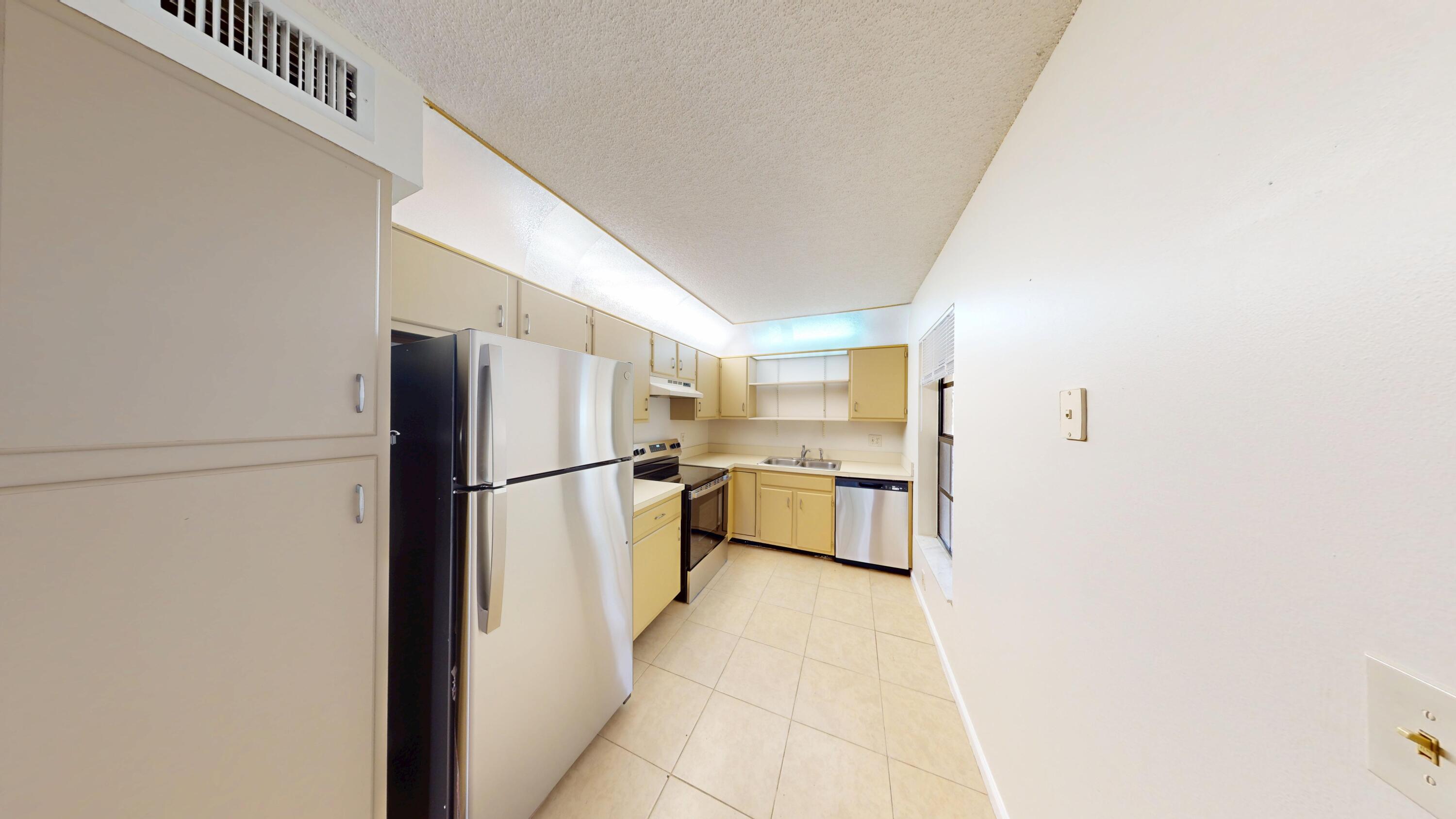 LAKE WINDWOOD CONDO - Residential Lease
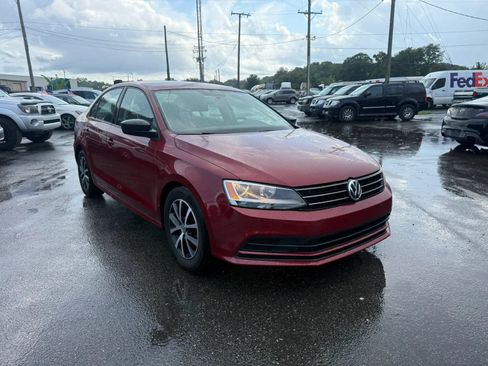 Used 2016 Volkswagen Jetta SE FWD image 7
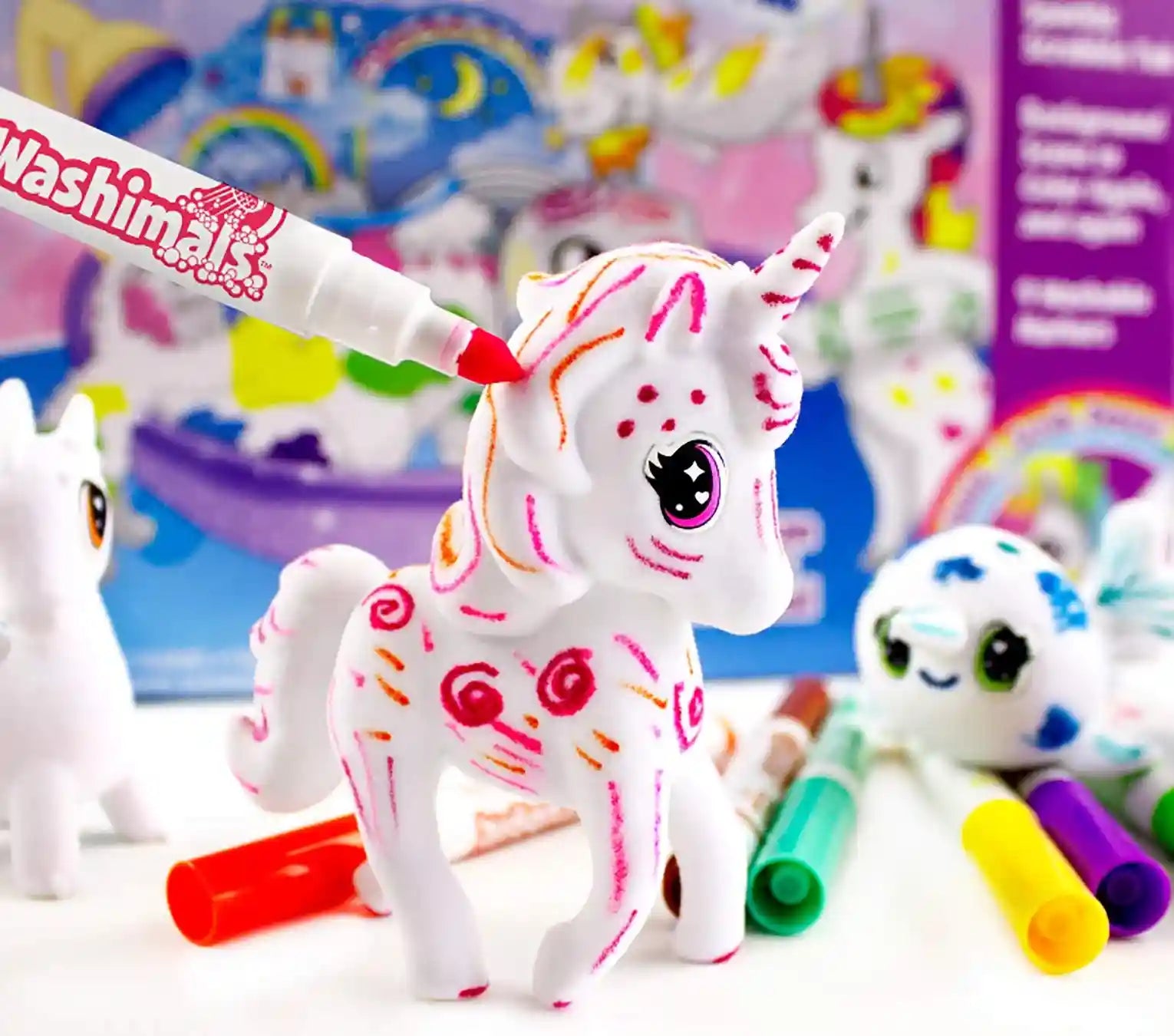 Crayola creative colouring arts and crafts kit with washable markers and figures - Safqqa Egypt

==

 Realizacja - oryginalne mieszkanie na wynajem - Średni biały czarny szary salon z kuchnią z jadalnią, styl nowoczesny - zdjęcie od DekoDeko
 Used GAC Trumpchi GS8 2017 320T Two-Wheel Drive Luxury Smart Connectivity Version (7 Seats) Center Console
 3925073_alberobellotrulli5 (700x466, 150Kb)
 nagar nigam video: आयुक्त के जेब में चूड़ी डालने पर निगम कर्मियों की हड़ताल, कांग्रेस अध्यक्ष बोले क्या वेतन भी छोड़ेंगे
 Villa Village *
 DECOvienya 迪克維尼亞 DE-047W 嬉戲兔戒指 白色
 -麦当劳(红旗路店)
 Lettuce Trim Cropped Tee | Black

What is expected =
From the records above, retype only the lines starting at the line that contains "nagar nigam video: आयुक्त" and ending at the line that contains "Lettuce Trim Cropped Tee | Black", both included.

Response to this exercise =
 nagar nigam video: आयुक्त के जेब में चूड़ी डालने पर निगम कर्मियों की हड़ताल, कांग्रेस अध्यक्ष बोले क्या वेतन भी छोड़ेंगे
 Villa Village *
 DECOvienya 迪克維尼亞 DE-047W 嬉戲兔戒指 白色
 -麦当劳(红旗路店)
 Lettuce Trim Cropped Tee | Black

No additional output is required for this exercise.